(Short text fragments from websites)
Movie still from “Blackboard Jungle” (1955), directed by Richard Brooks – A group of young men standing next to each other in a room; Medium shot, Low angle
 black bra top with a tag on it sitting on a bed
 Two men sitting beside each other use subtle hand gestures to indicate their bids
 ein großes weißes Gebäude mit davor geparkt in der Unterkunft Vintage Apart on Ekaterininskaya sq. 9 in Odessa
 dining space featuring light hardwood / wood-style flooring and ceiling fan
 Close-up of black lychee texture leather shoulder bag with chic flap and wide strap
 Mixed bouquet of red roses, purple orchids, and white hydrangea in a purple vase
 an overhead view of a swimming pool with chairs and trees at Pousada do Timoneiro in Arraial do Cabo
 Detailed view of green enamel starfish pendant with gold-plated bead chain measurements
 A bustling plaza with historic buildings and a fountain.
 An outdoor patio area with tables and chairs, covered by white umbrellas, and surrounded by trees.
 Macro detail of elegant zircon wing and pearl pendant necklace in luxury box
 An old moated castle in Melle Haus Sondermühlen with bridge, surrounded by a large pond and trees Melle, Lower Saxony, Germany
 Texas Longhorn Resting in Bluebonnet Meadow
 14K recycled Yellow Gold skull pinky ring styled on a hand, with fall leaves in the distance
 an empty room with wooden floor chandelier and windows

:: EXERCISE DIRECTIONS ::
Copy every line above that holds the word "other".

:: SOLVED PROBLEM ::
Movie still from “Blackboard Jungle” (1955), directed by Richard Brooks – A group of young men standing next to each other in a room; Medium shot, Low angle
 Two men sitting beside each other use subtle hand gestures to indicate their bids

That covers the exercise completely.